Graveyard Ghoul - The Living Cemetery (2014)

There's something so ripe and refreshing about unrepentant retro death metal which doesn't derive too directly from any one source, but attempts to tap into the genre's original pulse and jerk a semi original sound from i. Sure, if I were to scrutinize Graveyard Ghoul with a microscope, riff for riff, you'd be able to trace it all back to bands like Slayer or Autopsy or Death or Possessed or Cianide, but the last thing on my mind as I was checking out this sophomore disc is how it correlated to any particular band or scene, rather just serving as an amalgamation of all the dusty death metal records on your shelf. For that reason, and maybe that reason alone, this is a competent, genuine and enjoyable effort, if a little short on creating truly memorable, atmospheric moments that thrive due to their own brilliance.

Rhythm guitar structures have a very soiled, raw power to them that instructs a lot of the straight up open chords they jam out. They do occasionally use the morbid tremolo picking and eerie death doom patterns that characterized Autopsy or the freakier Death moments on their old discs, or get a little more pumped and thrashing ala Possessed and 80s Slayer, but there's also a straight shot of riffs which were directly influenced by the flow of old punk/hardcore which inspired Hellhammer and Celtic Frost, and this is reinforced by the vocals, which very often feel to me as if you'd taken Tom G. Warrior's inflection and then caked it with layers of Chris Reifert's louder, barking graveyard grime. Just enough reverb for resonance, and this creates a stark, nihilistic tour guide for the afterlife. Drums are crashing and perky with a very live feel to them, and bass lines only seem to matter in so much as they fatten up some of the rhythm lines. Samples and synth lines are extremely sparse here, utilized only to add a tiny bit of a thematic horror effect, which is cultivated more purely through the lyrics and unremitting darkness of the entire disc.
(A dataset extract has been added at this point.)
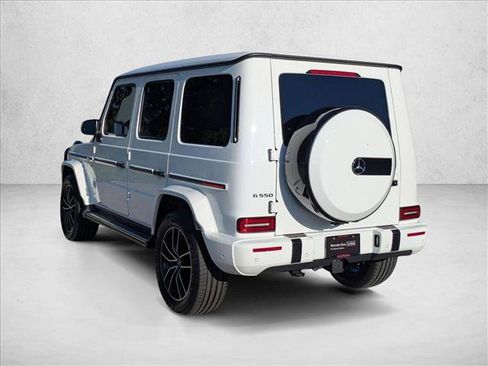 Used 2022 Mercedes-Benz G 550 image 8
It doesn't possess an semblance of nuance. It doesn't have a lot of catchy riffing which would help it catapult it onto the scene's radar at large. Whereas an album like Gruesome's Savage Land will live or die based on how many OSDM fans are nostalgic for something they once found so sincere, The Living Cemetery is more like a snapshot of an entire musical medium's evolution at one point in time, when it was creeping out of the cellars and basements to an audience seeking something more raw and gloomy than the ailing thrash metal of the early 90s. It's an album you don't really listen to for particular moments, but when you're in need of around 30 minutes of wayback machine. It's not even the greatest example of such a sound, but for what it's worth, this is very much functional and helps darken a room or a mood. Dinosaur death metal done for those without pretense or expectations, who will probably just appreciate it as a blood thinner for those clotted arteries of antiquity.